La risposta dell’amico Pasquale, sembrava abbastanza pertinente, fugò le preoccupazioni insorte in Rocco, in cui però restavano delle zone …d’ombra. Sì, d’accordo, Pasquale era sovrappensiero, però perché era stato congelato in quella strana e ridicola posa? Con le braccia alzate a metà, come nel tentativo di spiccare un improbabile volo?

Comunque, nulla quaestio per Rocco, tranquillizzato dalle rassicurazioni di Pasquale.

Trascorse qualche altro giorno e la tragedia del covid mieteva sempre più numerose vittime. Mentre gli ospedali e i ricoveri dei pronto soccorso venivano inondati di nuovi colpiti da quel potente virus.

Ma Pasquale continuava, a giorni alterni, a curare la sua terra. Come quell’altra mattinata.

Come al solito i controlli si mantenevano sempre molto rigidi e costanti. Non si poteva allentare la presa su quelle misure così drastiche introdotte per cercare di contenere la diffusione di quel morbo spaventoso. Guardia di finanze e carabinieri, per terra ed elicotteri nel cielo, monitoravano in continuazione il territorio per impedire, con quella loro deterrente presenza, movimenti dei cittadini non consentiti. Per impedire che qualcuno si avventurasse dove non doveva andare.

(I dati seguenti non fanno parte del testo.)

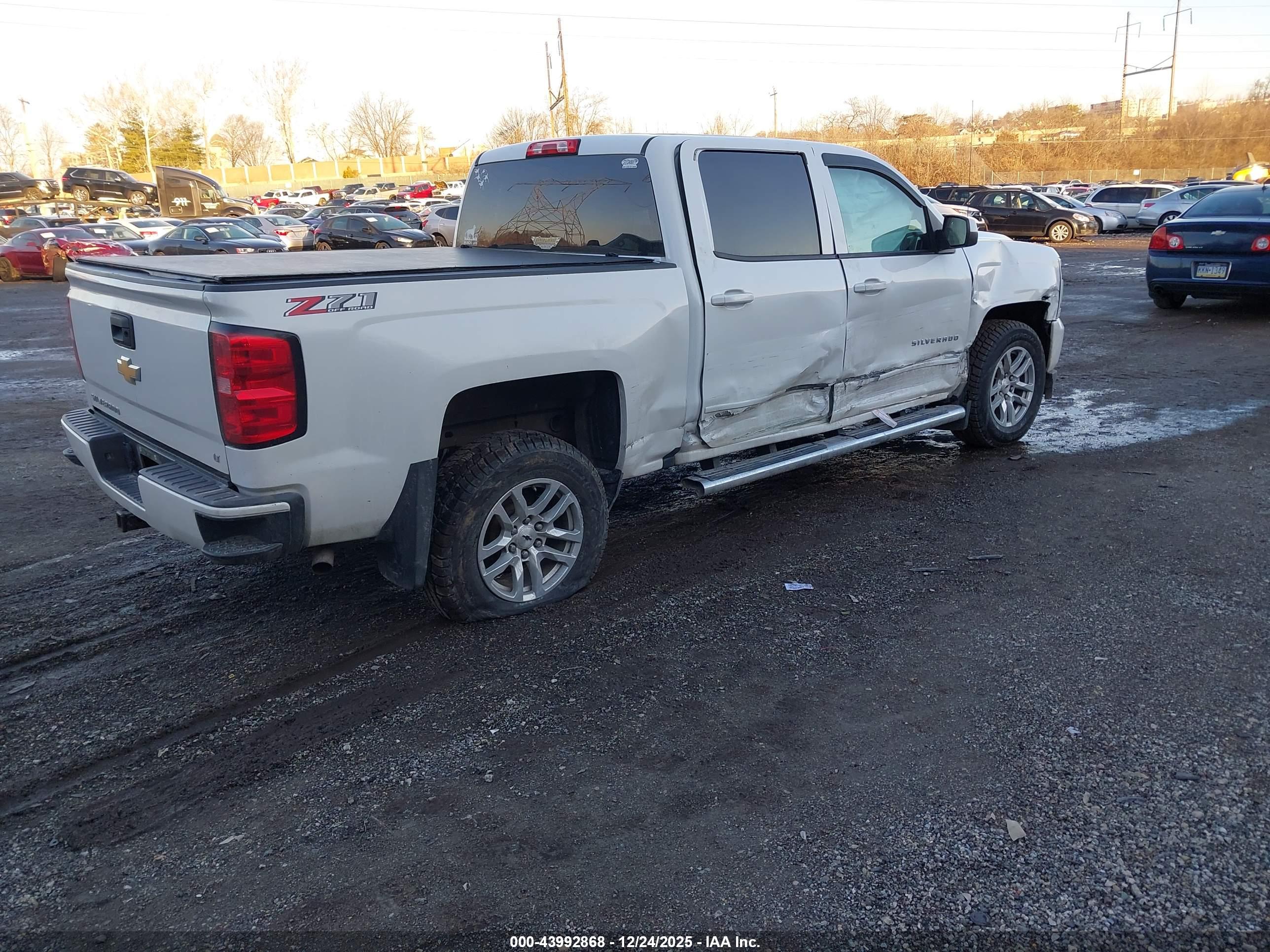 CHEVROLET SILVERADO image 4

E così quella mattina che anche Rocco, come tutte le mattinate, dava una mano al figlio nella falegnameria, uscendo dal laboratorio per prendere una boccata d’aria, avvistò di nuovo Pasquale alle prese con le sue strane sembianze di improvvisato ballerino. Mentre nel cielo volteggiavano furiosamente due elicotteri delle forze dell’ordine, Pasquale era sotto un albero di ulivo, con la sua giacca di cerata verde militare, in quell’atteggiamento strano e…ridicolo. Era teso, immobile. Neanche un muscolo muoveva, neppure facciale. Ma che cosa stava succedendo a Pasquale, si chiedeva Rocco.

Dopo diversi attimi in cui Pasquale era rimasto come imbalsamato in quella posizione egli si sciolse. Il fastidioso roboante rollio degli elicotteri che sovrastavano la zona stava sfumando. Così Rocco ne approfittò per chiedere di nuovo a Pasquale:

“Pasquà…tutto a posto?”.

Pasquale, sciolto da quello strano ed incomprensibile incantesimo, snobbò la domanda di Rocco, annuendo sbrigativamente con la testa, e quasi infastidito da quei petulanti interventi dell’amico. Come a voler dire: uffa, fatti gli affari tuoi, che stai sempre a badare a quello che faccio io!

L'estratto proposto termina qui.